> [Brief] Find the line containing "Vintage kenwood chef" in the entries below. Restate it and each line after it, word for word, up to and including the line containing "Đầm ôm body".

[Records for this exercise — start]

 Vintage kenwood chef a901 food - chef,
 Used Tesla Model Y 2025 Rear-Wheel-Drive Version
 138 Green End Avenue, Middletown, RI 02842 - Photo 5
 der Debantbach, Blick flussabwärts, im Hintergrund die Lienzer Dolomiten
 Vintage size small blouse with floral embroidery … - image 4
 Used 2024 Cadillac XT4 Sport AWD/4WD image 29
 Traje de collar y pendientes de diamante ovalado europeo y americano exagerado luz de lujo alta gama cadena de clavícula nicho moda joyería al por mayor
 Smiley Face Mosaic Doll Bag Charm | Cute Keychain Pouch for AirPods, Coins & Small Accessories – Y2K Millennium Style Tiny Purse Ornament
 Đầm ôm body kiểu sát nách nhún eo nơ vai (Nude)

[Records for this exercise — finish]
[Records for this exercise — start]

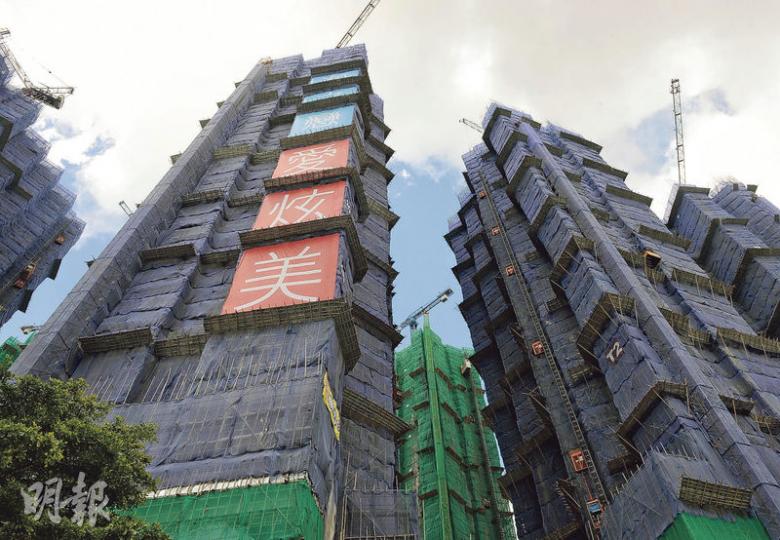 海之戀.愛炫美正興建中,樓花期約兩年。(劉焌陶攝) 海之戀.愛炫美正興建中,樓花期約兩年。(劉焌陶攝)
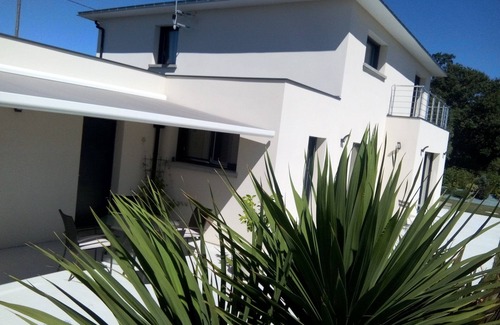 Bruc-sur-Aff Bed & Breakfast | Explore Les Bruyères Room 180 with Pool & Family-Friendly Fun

[Records for this exercise — finish]

> [Reply]
 Vintage kenwood chef a901 food - chef,
 Used Tesla Model Y 2025 Rear-Wheel-Drive Version
 138 Green End Avenue, Middletown, RI 02842 - Photo 5
 der Debantbach, Blick flussabwärts, im Hintergrund die Lienzer Dolomiten
 Vintage size small blouse with floral embroidery … - image 4
 Used 2024 Cadillac XT4 Sport AWD/4WD image 29
 Traje de collar y pendientes de diamante ovalado europeo y americano exagerado luz de lujo alta gama cadena de clavícula nicho moda joyería al por mayor
 Smiley Face Mosaic Doll Bag Charm | Cute Keychain Pouch for AirPods, Coins & Small Accessories – Y2K Millennium Style Tiny Purse Ornament
 Đầm ôm body kiểu sát nách nhún eo nơ vai (Nude)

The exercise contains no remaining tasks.